Thursday, October 20, 2016

Lawyers and Conflict of Interest

Suppose you are married and you and your spouse decide to split up. Everything is very amicable and everyone agrees on everything. There really is nothing to fight about but money is (as always) a little tight. You and you spouse both want a separation agreement and a divorce and since everything is agreed decide you will both use one lawyer since that's a bit cheaper.

At first blush it may seem silly but you cannot share a lawyer.

And when you look at the bigger picture that makes very good sense.

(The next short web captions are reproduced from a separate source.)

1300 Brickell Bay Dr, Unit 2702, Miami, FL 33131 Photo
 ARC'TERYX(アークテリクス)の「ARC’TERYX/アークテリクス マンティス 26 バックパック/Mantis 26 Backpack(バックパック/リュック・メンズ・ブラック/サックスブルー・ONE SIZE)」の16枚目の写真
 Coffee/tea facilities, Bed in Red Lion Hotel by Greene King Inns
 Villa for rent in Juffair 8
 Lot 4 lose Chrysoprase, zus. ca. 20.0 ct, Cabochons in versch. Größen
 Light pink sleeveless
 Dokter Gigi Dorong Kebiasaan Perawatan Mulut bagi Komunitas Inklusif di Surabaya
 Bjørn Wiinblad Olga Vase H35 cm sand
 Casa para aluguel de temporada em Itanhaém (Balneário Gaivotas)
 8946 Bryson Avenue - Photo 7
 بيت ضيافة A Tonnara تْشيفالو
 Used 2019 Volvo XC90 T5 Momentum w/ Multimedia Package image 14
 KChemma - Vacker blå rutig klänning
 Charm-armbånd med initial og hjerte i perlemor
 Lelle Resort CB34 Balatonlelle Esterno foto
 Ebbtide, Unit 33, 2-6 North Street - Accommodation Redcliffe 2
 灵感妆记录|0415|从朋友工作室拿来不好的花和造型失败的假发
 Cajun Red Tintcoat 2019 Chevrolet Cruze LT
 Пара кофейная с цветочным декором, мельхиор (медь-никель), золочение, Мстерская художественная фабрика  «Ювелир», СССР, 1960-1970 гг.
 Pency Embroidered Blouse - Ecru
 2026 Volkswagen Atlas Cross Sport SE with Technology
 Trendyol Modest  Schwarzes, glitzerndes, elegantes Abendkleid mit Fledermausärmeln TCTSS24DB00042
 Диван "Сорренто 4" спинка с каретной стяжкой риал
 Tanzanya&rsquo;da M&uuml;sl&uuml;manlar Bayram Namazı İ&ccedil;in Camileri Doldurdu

The primary duty of a lawyer is to be totally loyal to the interests of the client. As Jesus pointed out you cannot serve two masters – and in the family situation I just mentioned the husband and wife have different interests and they are interests that conflict. It is a good thing that separating couples figure out what they want and agree is fair but as a legal matter if the wife gets more of the family property the husband gets less. And that means if I help my client the wife I hurt my client the husband. As a result a lawyer cannot act for both the husband and the wife.

The idea of conflict is broader than just not acting for two people with opposing interests. If there is anything that could put the lawyer in a position where the lawyer cannot give all their loyalty to the client there is a conflict and the lawyer should not act. So say I want to buy a property in Cambridge Bay. I am bidding on a house there – and a client wants me to help them try to get that very same house. I have a real incentive to make sure my client doesn't get the house – and that means there is a conflict and I should not act. Someone who is a Crown prosecutor cannot properly prosecute a family member or close friend. A plaintiff's lawyer can't legitimately issue a claim against, say, a parent for negligence.

A lawyer had to be outside of the claim and not entangled personally with the situation.

Now sometimes clients can, at least on minor conflict situations, waive the conflict and work with the lawyer anyway . Such situations are rare and only apply where the client has full knowledge of the facts and agrees, anyway, to use the lawyer.